┌─ Provided records

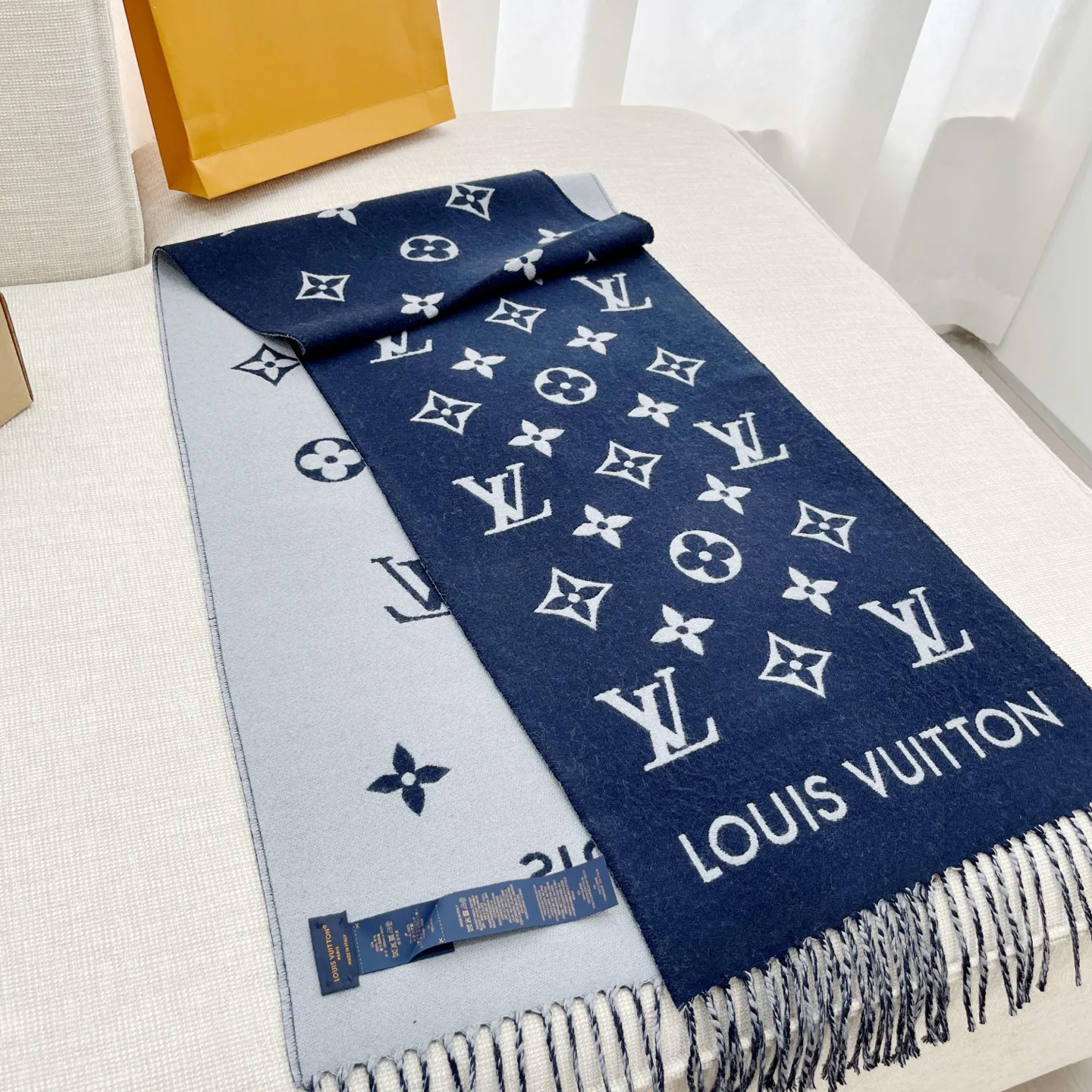 Scarves LOUIS VUITTON 18462785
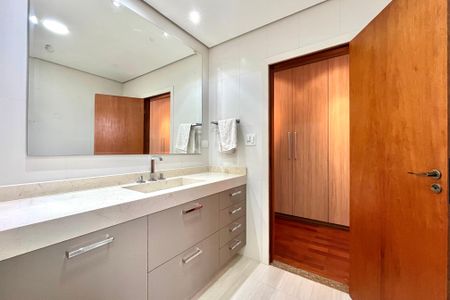 Casa para alugar com 250m², 3 quartos e 3 vagas Casa para alugar com 250m², 3 quartos e 3 vagasBanheiro da Suíte 1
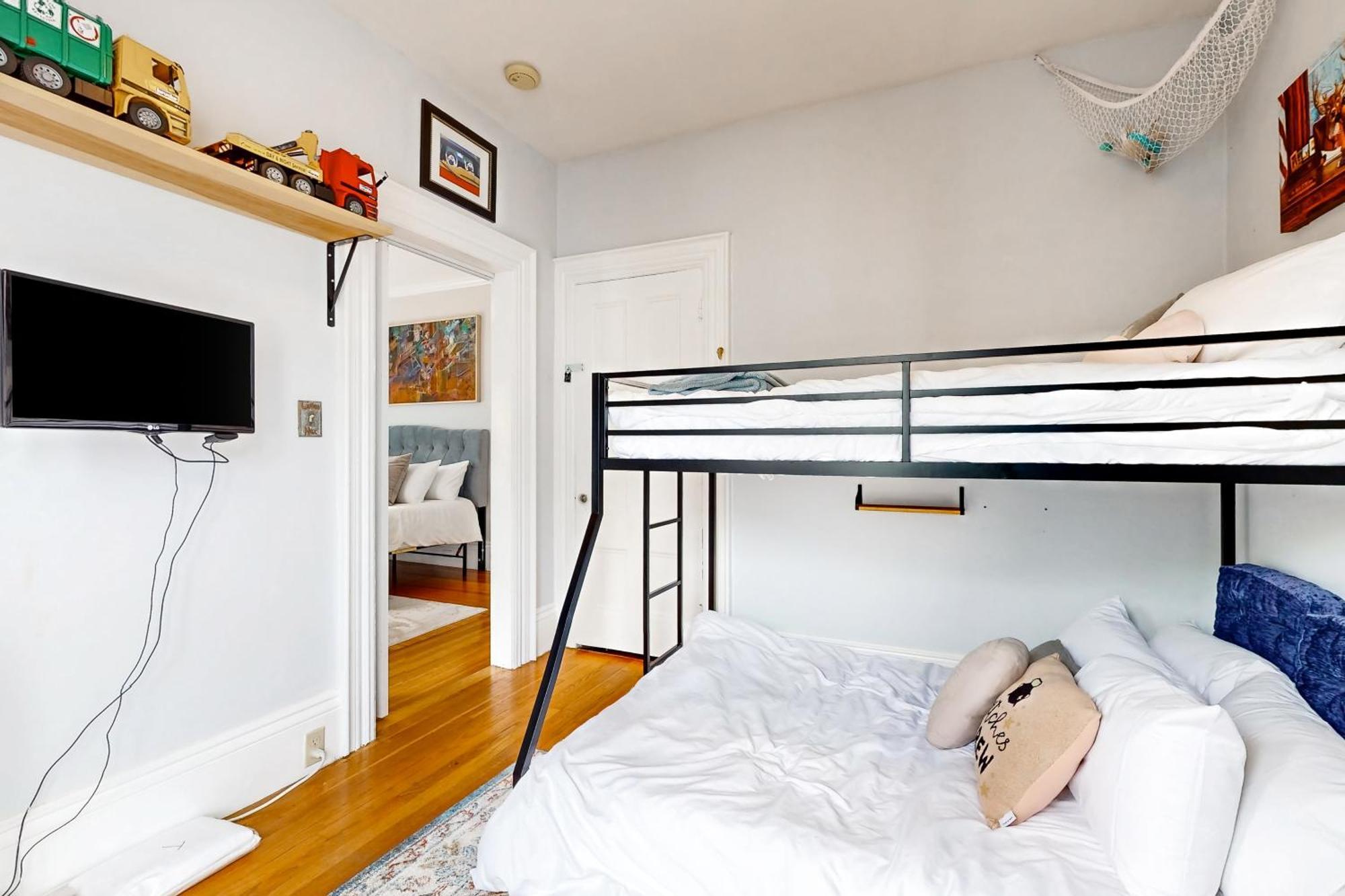 Witchy Modern Apartamento Salem Exterior foto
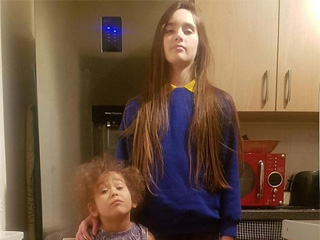 英国最高姐妹花走红 颜值爆表鹤立鸡群令网友惊掉下巴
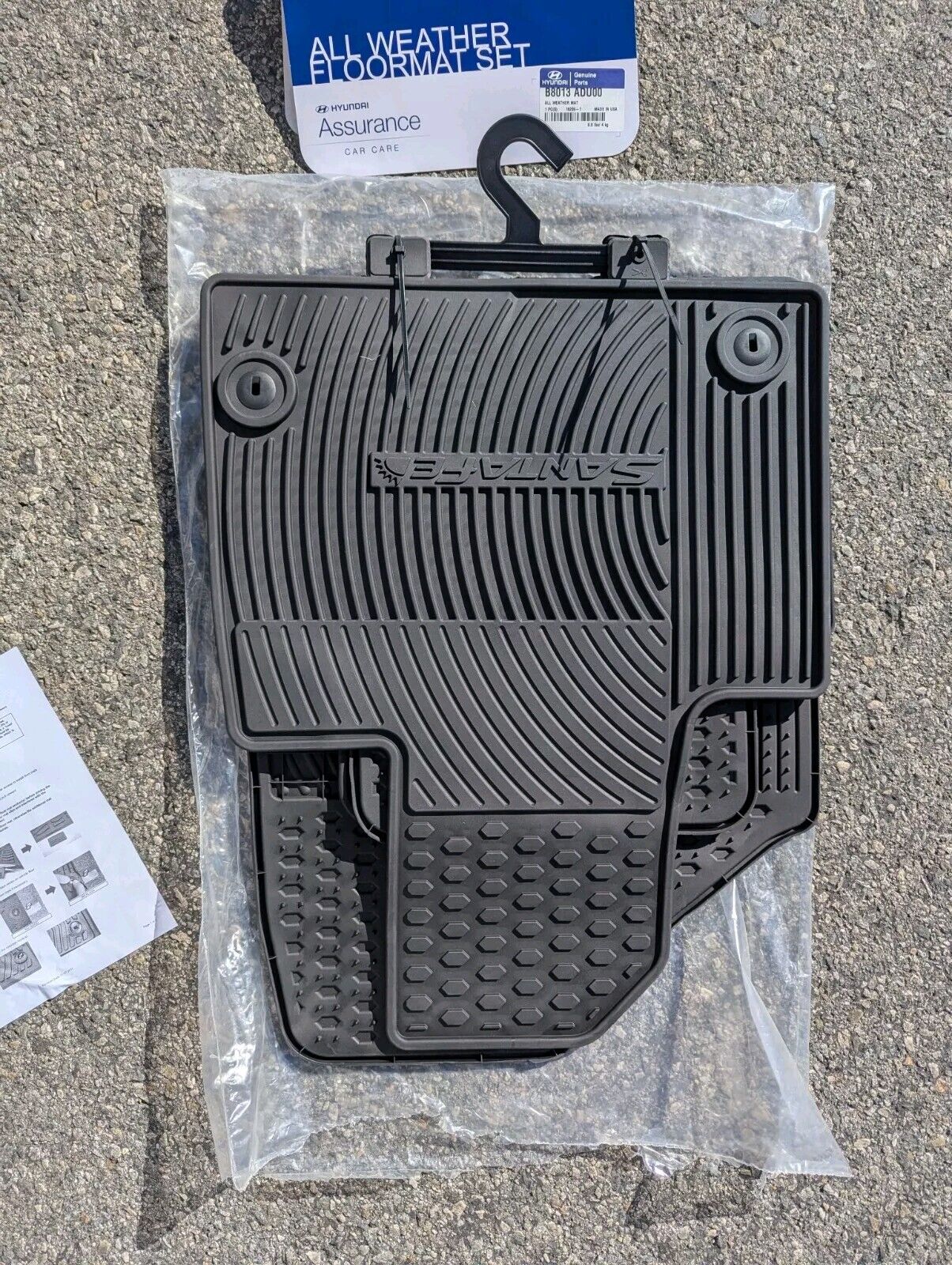 OEM Hyundai Santa Fe 7-passenger 4-piece All Weather Floor Mat Set - B8013-ADU00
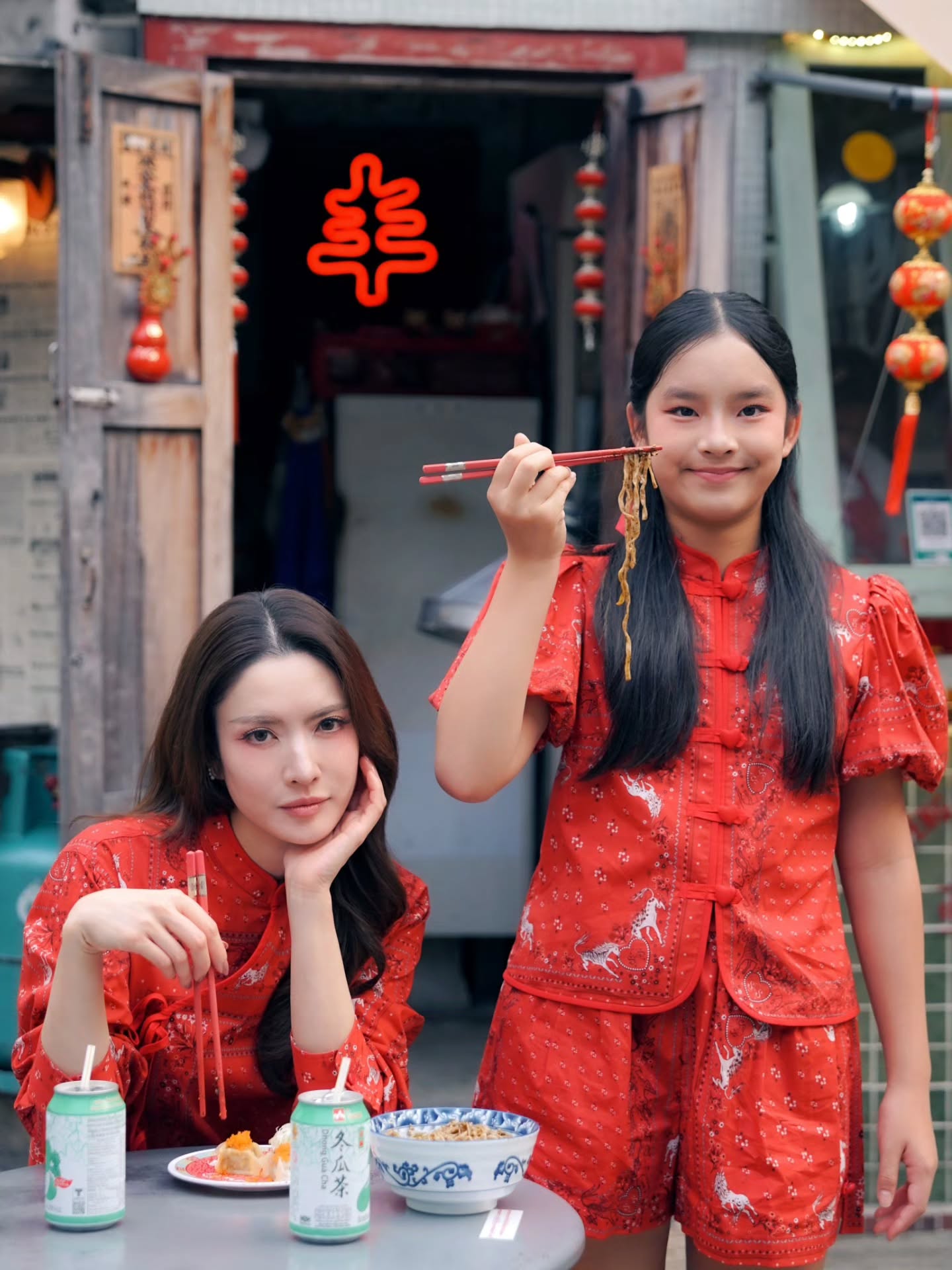 แอฟ - ทักษอร ภักดิ์สุขเจริญ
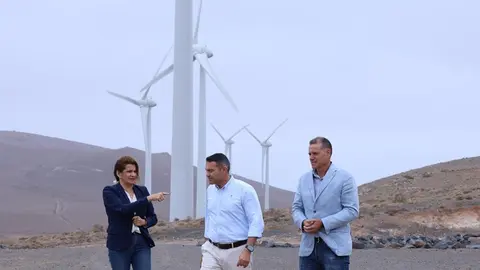 Oswaldo Betancort, Domingo Cejas y Mar&iacute;a Jes&uacute;s Tovar en el parque e&oacute;lico de San Bartolom&eacute;.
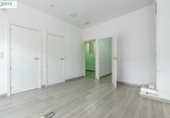 46m² locaux commerciaux pour vente à Grenade, dans le quartier de Villa Argaz, Calle Belén Sarraga photo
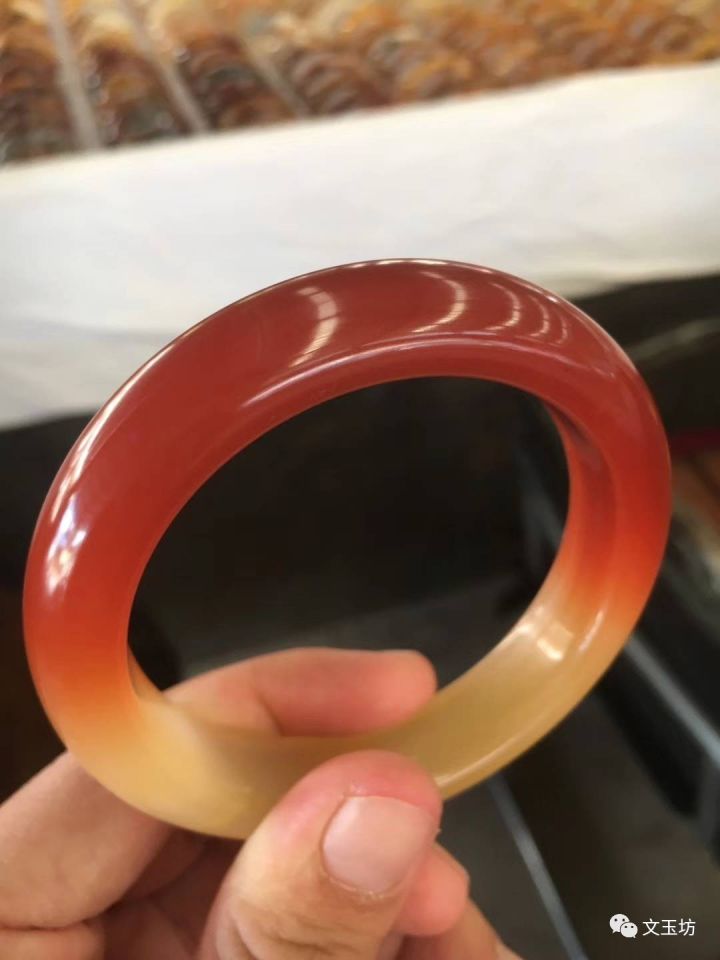 玉器修复专用胶水黄龙玉,黄龙玉手镯润和玉器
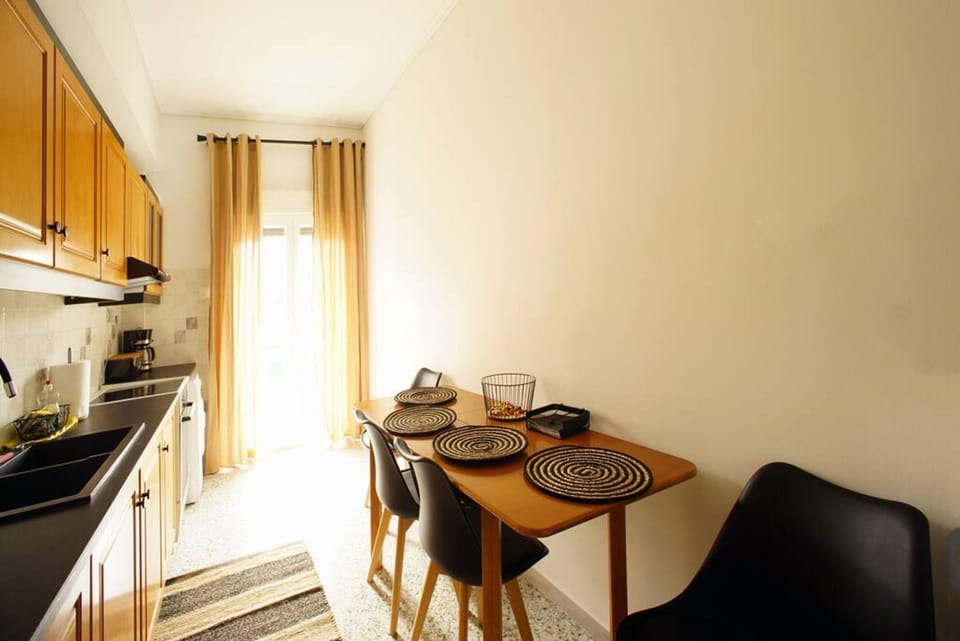 House | 2 bedrooms, desk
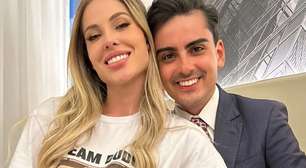 Dudu Camargo e Saory Cardoso trocam beijos ao vivo e afastam rumores de crise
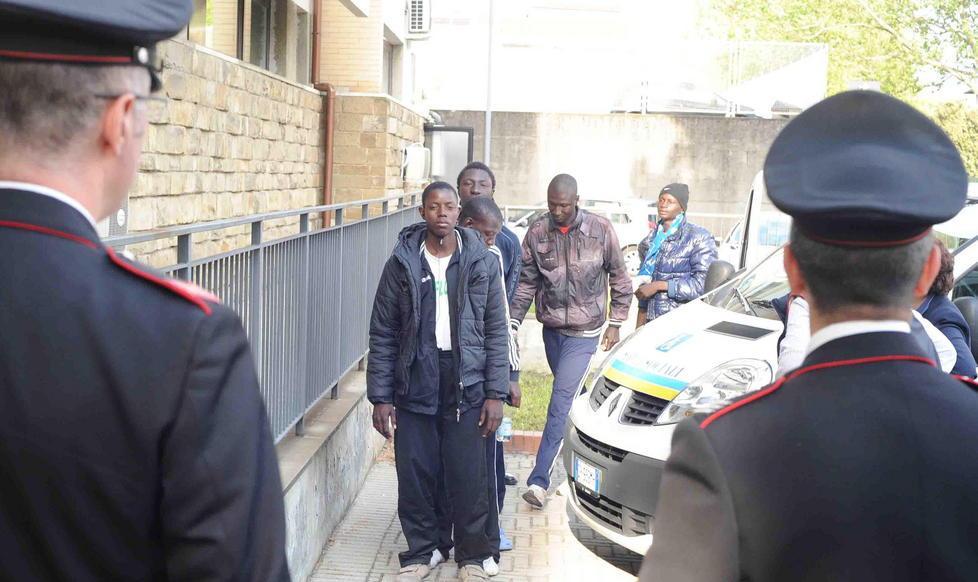 Pistoia, emergenza profughi: sindacati di polizia all’attacco del prefetto 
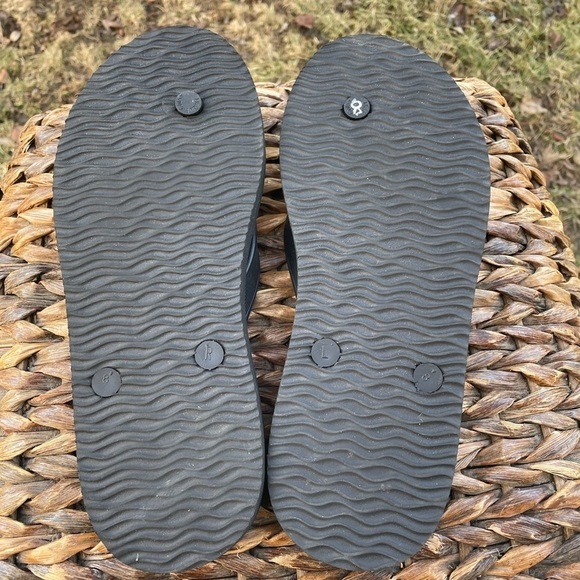 New Hurley X Black Rubber Waterproof Flip Flop Sandals.  Men’s 8 / Women’s 9/9.5 - Picture 4 of 5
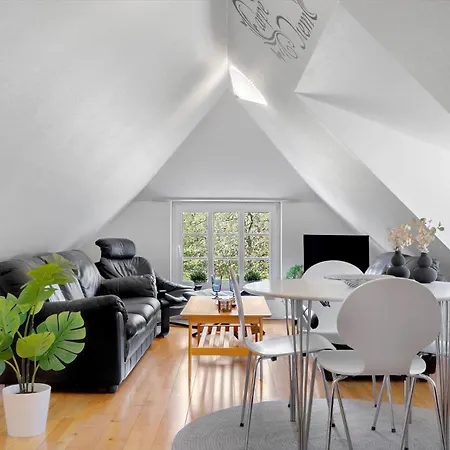 10833-ulfborg-graemvej-19 * Husby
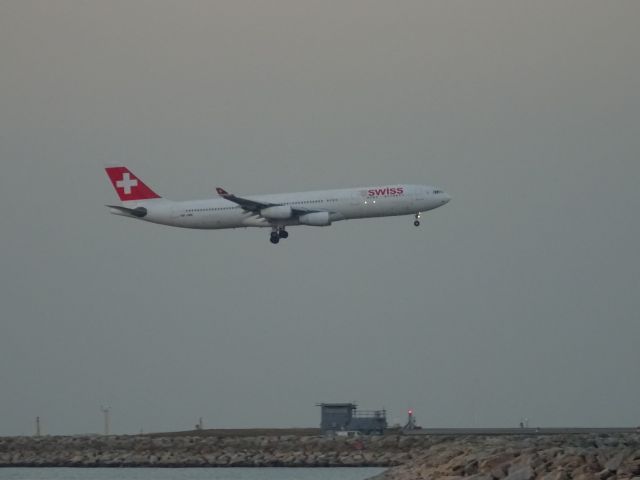 Airbus A340-300 (HB-JMF)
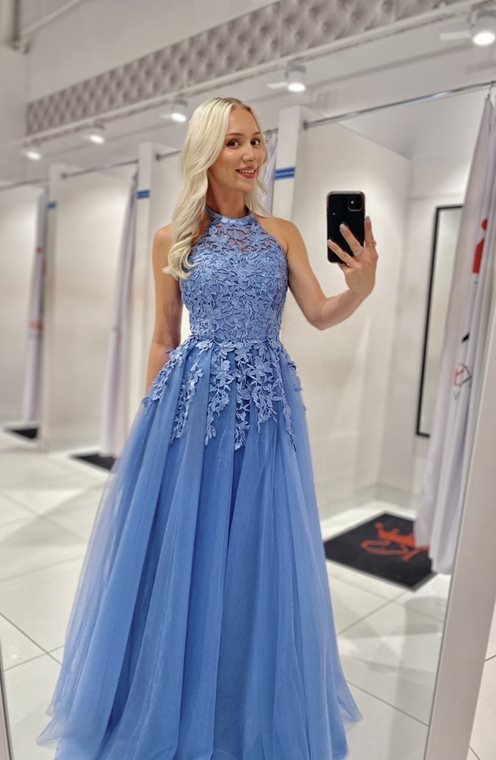 Długa sukienka princeska hafty wiązanie szyja nieb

└─

**Assignment:** Begin at the line with "Dudu Camargo e" and retype exactly every line through the last one of the entries above, both included, and nothing more; pictures stay out.

**Response to the task:**
 Dudu Camargo e Saory Cardoso trocam beijos ao vivo e afastam rumores de crise
 Pistoia, emergenza profughi: sindacati di polizia all’attacco del prefetto 
 New Hurley X Black Rubber Waterproof Flip Flop Sandals.  Men’s 8 / Women’s 9/9.5 - Picture 4 of 5
 10833-ulfborg-graemvej-19 * Husby
 Airbus A340-300 (HB-JMF)
 Długa sukienka princeska hafty wiązanie szyja nieb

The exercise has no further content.